▶ **Exercise goal**:
Below is a listing to write out in full, exactly as given, without its pictures.

▶ **Information supplied**:
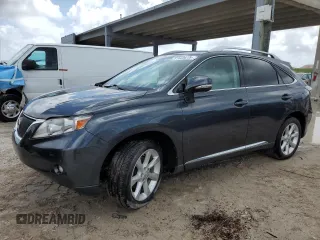 2010 Lexus RX 350 with VIN 2T2ZK1BA3AC036815, listed as a Copart auction lot 51643615 with 0 mi miles and Salvage Title. Bid and sale history available at carsss.com. Image 1.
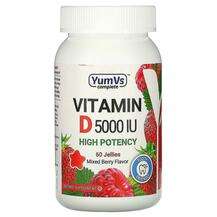 YumV's, Витамин D3, Vitamin D Mixed Berry Flavor 5000 IU, 60 J...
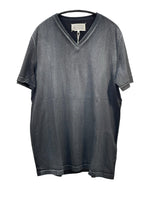 メゾン マルタン マルジェラ Maison Martin Margiela ヴィンテージ加工 Vネック TEE S50GC0370 50 Tシャツ グレー 601MT-16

▶ **Solution**:
 2010 Lexus RX 350 with VIN 2T2ZK1BA3AC036815, listed as a Copart auction lot 51643615 with 0 mi miles and Salvage Title. Bid and sale history available at carsss.com. Image 1.
 YumV's, Витамин D3, Vitamin D Mixed Berry Flavor 5000 IU, 60 J...
 メゾン マルタン マルジェラ Maison Martin Margiela ヴィンテージ加工 Vネック TEE S50GC0370 50 Tシャツ グレー 601MT-16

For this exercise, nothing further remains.